* _Aim of the exercise_: Under this line are the records; repeat exactly the lines starting at the one containing "Mikinona 3pcs Dual" and ending at the one containing "1080p Ultrafino Preto", omitting pictures.

##### Source data #####

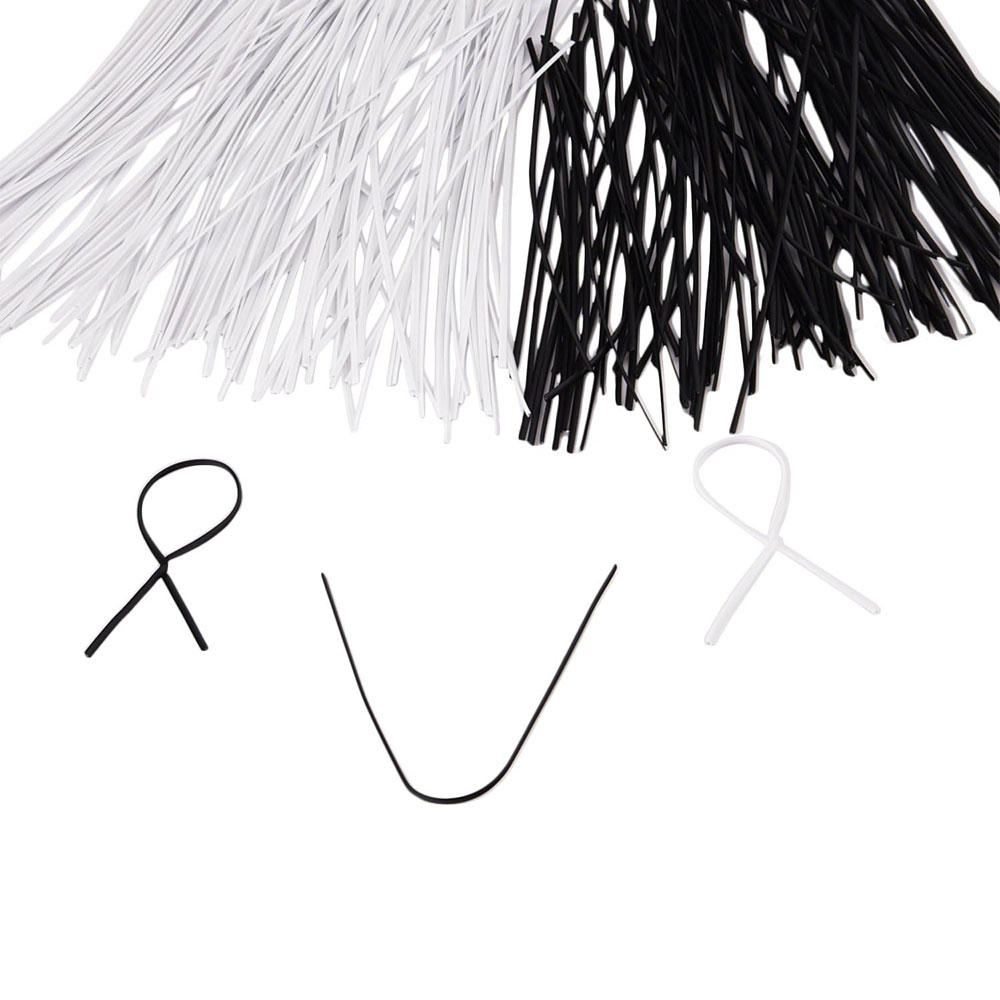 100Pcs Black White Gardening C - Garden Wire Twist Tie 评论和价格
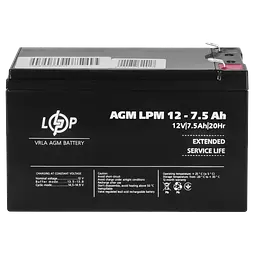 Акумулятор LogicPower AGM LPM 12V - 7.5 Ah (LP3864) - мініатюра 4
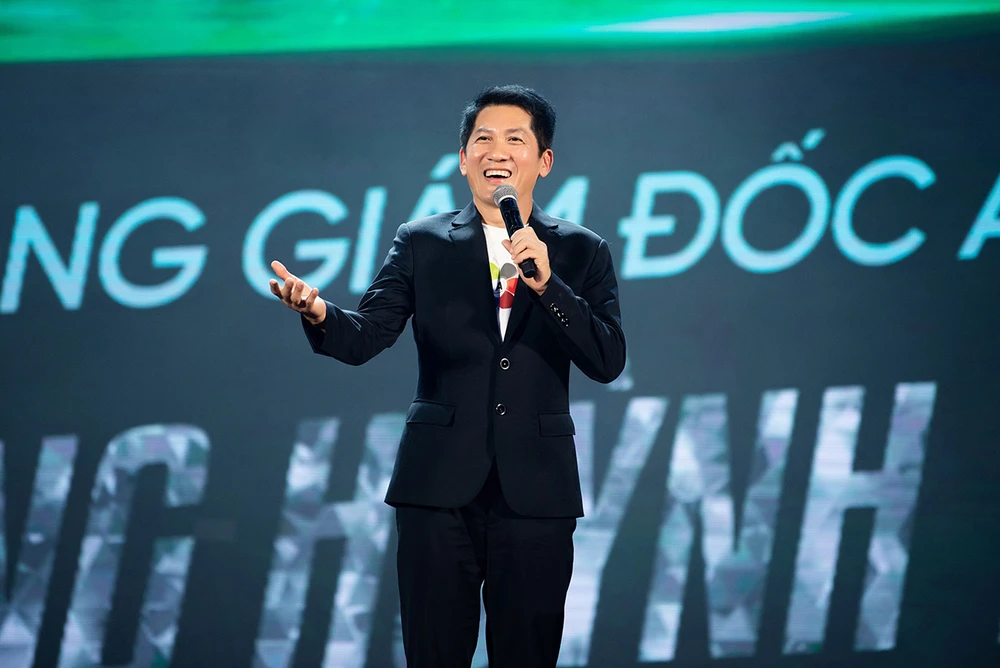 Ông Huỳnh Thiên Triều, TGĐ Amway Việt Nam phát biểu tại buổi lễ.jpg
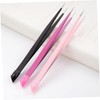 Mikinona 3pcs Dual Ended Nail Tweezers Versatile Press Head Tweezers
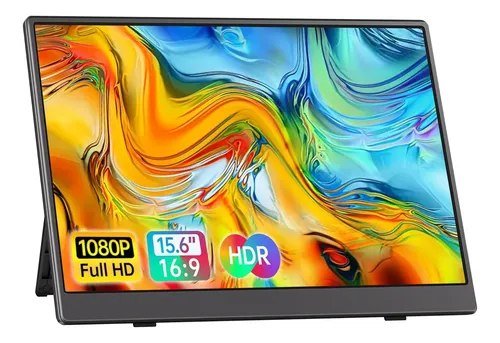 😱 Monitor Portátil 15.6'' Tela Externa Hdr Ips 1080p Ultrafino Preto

#####
##### Source data #####

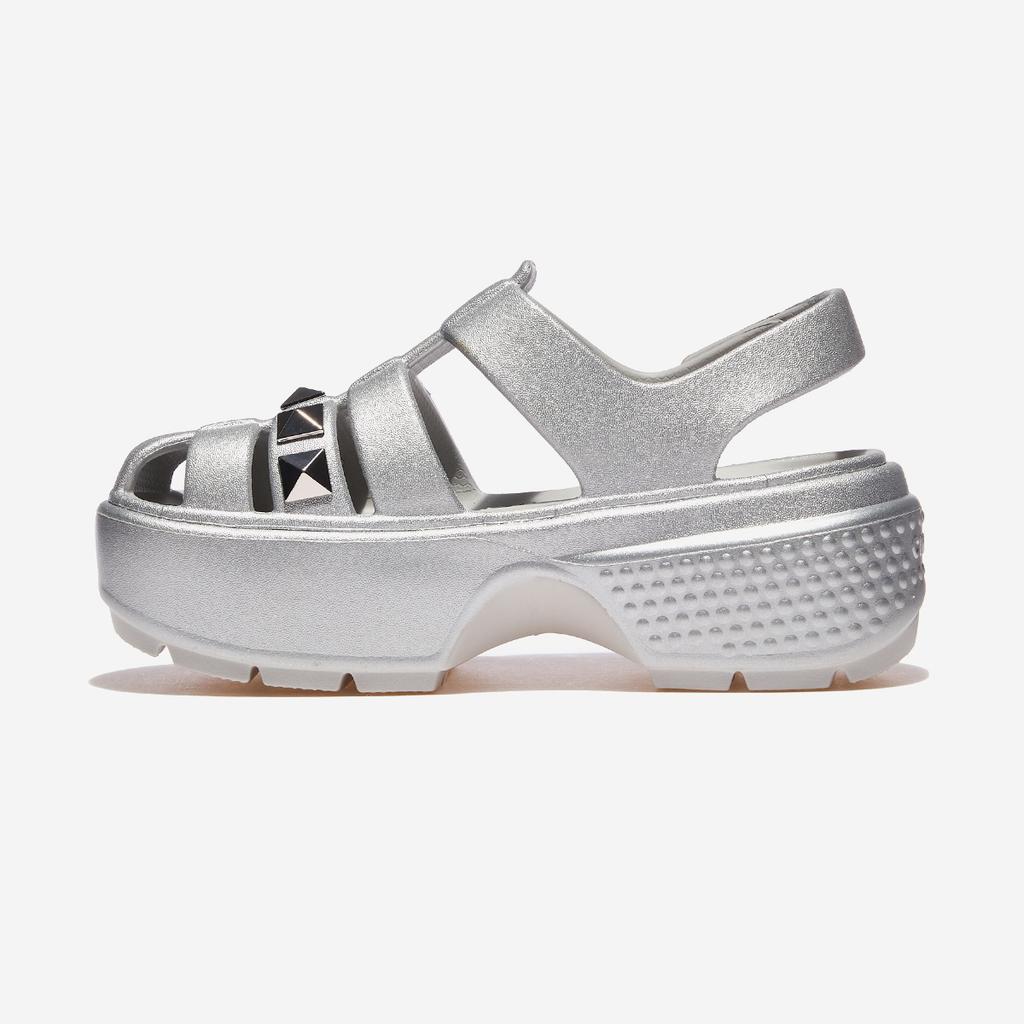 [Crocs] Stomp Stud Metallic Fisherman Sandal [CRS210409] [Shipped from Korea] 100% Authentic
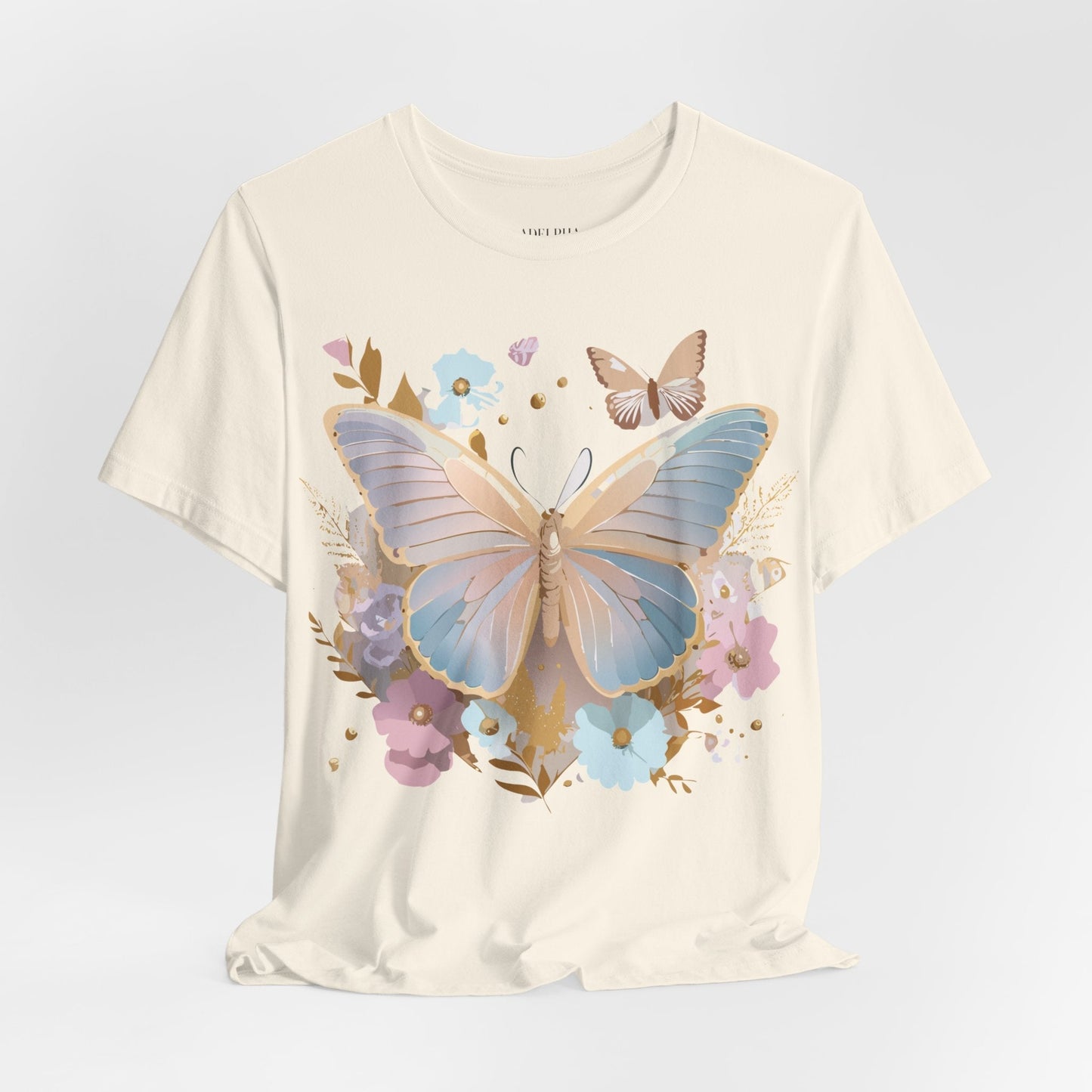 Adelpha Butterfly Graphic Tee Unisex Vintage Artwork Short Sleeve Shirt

#####

* _Solution to this exercise_:
 Mikinona 3pcs Dual Ended Nail Tweezers Versatile Press Head Tweezers
 😱 Monitor Portátil 15.6'' Tela Externa Hdr Ips 1080p Ultrafino Preto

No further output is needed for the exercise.